● **TASK TO COMPLETE**: Copy whichever lines of the data hold the word "Print".

━━ MATERIAL FOR THE TASK

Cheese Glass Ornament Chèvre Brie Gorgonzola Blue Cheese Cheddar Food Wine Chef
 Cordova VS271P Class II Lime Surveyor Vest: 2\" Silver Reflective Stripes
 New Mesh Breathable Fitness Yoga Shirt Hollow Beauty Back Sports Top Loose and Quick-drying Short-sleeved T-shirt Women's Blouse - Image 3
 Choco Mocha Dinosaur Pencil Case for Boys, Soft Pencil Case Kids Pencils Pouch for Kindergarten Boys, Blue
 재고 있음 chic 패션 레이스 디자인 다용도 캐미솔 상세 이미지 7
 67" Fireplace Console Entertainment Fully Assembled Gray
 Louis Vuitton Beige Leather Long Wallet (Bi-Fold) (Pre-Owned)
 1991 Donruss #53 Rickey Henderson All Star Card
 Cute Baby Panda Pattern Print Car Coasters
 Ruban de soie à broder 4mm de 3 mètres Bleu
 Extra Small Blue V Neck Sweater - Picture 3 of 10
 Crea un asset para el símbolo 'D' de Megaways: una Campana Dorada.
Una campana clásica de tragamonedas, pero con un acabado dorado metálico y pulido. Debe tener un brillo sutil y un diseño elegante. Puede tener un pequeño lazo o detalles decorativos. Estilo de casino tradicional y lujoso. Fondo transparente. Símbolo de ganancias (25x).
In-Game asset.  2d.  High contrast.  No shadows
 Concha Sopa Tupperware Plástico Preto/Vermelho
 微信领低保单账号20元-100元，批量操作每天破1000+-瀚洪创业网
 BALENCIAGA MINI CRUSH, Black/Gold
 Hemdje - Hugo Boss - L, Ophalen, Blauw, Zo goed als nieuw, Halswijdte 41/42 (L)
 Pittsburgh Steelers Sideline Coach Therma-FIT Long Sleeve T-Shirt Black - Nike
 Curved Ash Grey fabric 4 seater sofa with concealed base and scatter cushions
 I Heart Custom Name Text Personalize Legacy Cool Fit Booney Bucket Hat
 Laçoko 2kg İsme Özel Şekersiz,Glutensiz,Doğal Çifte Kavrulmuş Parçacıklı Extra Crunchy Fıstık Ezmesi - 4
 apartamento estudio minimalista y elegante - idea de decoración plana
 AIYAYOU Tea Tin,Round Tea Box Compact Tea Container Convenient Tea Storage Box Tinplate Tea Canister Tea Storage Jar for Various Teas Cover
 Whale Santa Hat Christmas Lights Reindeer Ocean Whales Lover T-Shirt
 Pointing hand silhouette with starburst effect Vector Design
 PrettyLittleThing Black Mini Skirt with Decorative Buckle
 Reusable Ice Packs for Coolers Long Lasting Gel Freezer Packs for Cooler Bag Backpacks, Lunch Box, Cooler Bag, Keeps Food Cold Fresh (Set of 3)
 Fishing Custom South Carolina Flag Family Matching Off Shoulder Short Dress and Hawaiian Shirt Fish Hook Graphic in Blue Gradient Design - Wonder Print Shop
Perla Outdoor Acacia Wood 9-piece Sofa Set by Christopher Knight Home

━━━━

● **ANSWER BELOW**:
 Cute Baby Panda Pattern Print Car Coasters
 Fishing Custom South Carolina Flag Family Matching Off Shoulder Short Dress and Hawaiian Shirt Fish Hook Graphic in Blue Gradient Design - Wonder Print Shop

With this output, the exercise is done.